Thursday, April 30, 2009

The Coming Dark Ages?

After reading Distracted, I became curious as to whether or not our society is heading to a new dark ages. The author of distracted explains that since we are losing our capacity to maintain attention, civilization itself is coming to an end.
The concept of a postmodern dark age is not a new one. At each major step of technological and cultural change, there has always seemed the possibility of civilization's collapse. The perceived excesses of the youth culture of the 60s were once seen as the end of western civilization. This has manifested itself in our cultural imagination. One of the more obvious examples is the zombie film. Zombie movies chart the fear we have of losing our common humanity. A fear completely understandable in the light of the major atrocities of the twentieth century. This fear is inextricably linked to our discourse on technology. It's not a coincidence that the Zombies in Night of the Living Dead were created by radiation from a newly sent satellite to Venus.
The fear is also cosmic in a way. We are afraid that mankind has (to quote the pilot from Day of the Dead) "overstepped its britches". Of course the most obvious literary example of this would be Mary Shelley's Frankenstein. This fear underlies distracted. The second chapter ended with an almost poetic discussion of how the internet is severing us from our ties to location, to each other, and to the Earth as a whole.

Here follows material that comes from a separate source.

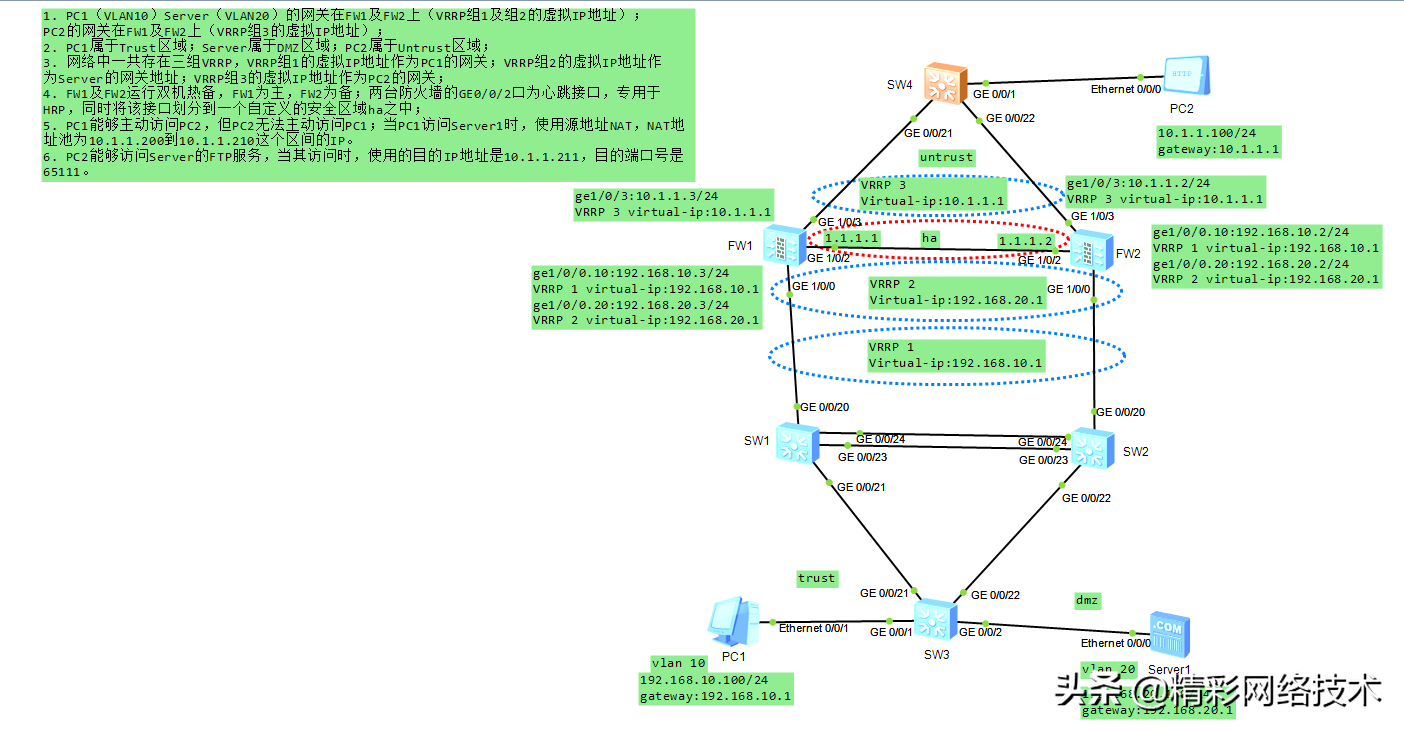 虚拟机双机热备解决方案（详解防火墙VRRP、双机热备、链路聚合、MSTP综合配置）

Implicit in this is the moral judgement that mankind must be bound by the laws of time and space, and any attempt to transcend them will end in Promethean tragedy.
The scary thing is, that this might all be true. There is more and more evidence that our technologically advanced lifestyles are changing the makeup of our brains. Maybe we slowly are becoming zombified?
But then, maybe the ability of humanity to transcend space and time isn't a bad thing. In many ways, this has been the goal of human art, religion, and science for millenia. Our technology might be simply the ability to realize these dreams. Even if this technology changes what it means to be human (something, I think, that has already happened) that change isn't necessarily negative. It might just be the growing pains of homo sapiens 2.0.

by the way, I should mention that historians are discovering all the ways in which people in the so-called Dark Ages were actually smarter than we are.